Try to make sure your brood area is immediately beneath the queen excluder ( brood area against the top bar)… bees are reluctant to cross a dome of capped honey to go through the queen excluder and up into the Flow super.
It sounds like you did a great job getting that nuc established and perhaps in your prolific honeyflow conditions you should consider 10 frame Langstroths brood boxes…always making sure the queen is not getting honeybound.
Probably the simpliest way of addressing this situation is to reverse the brood chambers…then put the queen excluder on…then Flow super. But there are more effective and involved methods.
Hi Doug,
Thanks for your advice. I have now moved my box full of honey to beneath he box with brood. The queen excluder is next with the FlowSuper on top.
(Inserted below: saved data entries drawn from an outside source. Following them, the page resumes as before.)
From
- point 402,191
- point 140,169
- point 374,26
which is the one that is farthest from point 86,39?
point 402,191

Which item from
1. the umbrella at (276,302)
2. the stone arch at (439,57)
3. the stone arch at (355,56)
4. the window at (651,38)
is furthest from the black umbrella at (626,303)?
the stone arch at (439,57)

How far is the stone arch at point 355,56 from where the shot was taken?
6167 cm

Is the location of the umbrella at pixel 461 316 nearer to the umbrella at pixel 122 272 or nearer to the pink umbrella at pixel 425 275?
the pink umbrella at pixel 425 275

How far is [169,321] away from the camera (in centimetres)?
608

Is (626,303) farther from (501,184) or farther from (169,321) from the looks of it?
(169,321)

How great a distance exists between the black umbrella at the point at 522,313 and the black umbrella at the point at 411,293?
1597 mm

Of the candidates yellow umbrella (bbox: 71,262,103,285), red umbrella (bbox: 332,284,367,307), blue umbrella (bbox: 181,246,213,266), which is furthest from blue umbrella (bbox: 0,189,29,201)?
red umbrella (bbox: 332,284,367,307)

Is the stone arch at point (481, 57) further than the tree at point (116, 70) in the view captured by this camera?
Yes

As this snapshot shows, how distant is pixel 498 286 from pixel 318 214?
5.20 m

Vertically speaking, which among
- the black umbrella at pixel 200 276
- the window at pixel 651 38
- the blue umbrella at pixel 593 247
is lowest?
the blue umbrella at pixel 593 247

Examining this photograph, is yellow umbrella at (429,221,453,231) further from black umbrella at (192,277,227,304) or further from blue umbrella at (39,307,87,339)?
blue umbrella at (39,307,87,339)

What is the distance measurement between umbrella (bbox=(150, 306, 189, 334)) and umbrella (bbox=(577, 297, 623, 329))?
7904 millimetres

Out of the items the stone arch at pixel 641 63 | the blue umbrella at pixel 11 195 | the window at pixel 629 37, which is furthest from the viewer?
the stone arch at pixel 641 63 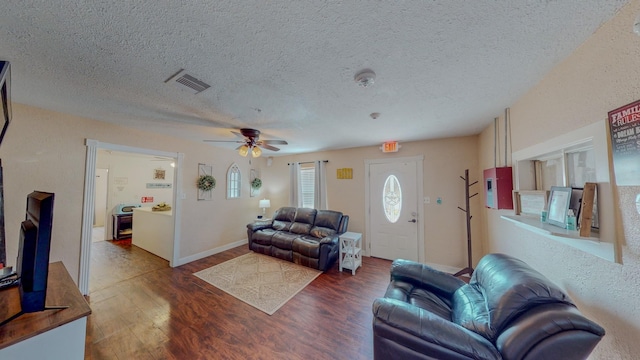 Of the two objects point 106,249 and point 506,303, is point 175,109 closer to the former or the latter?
point 506,303

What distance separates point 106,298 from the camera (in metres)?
2.53

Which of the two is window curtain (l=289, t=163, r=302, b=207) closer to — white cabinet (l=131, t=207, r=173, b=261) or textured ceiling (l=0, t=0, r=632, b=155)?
white cabinet (l=131, t=207, r=173, b=261)

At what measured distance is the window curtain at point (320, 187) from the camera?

The bees really did no like us doing all that work (I’m not sure I did either as a new Beek. I took the opportunity to reset the flow cells to ensure correct alignment after the shuffling. The bees settled down quickly and moved into the super. There are many bees there, with quite a few head down in the cells. Other bees are leaving the hive and returning with pollen sacks full. I plan to leave they for a couple of weeks and then have a peek at one of the flow super frames to see if any nectar is being stored.
Thank you for you advice Chau06. As you might read below I have followed some advice from Doug1. I have the stock of honey for the bees to assist if things are stressed for them. Thank you for taking the time to reply.
Hi & you’re welcome. “Remaining hopeful” is not a real bad strategy, however if you can find a local beekeeper with that valuable local knowledge, that would be better.
Be aware that your honeyflow season may be tapering off …are there other late season crops in your area such as alfalfa or goldenrod?
Standard practice with strong wintered hives in my area is to get the queen excluders on before the first spring nectar flow…it’s an established component of the hive early in the season…and the bees don’t seem to mind it. If the queen excluder is placed on a bit too late, they inevitably store most of the honey below it… honey-locking the queen.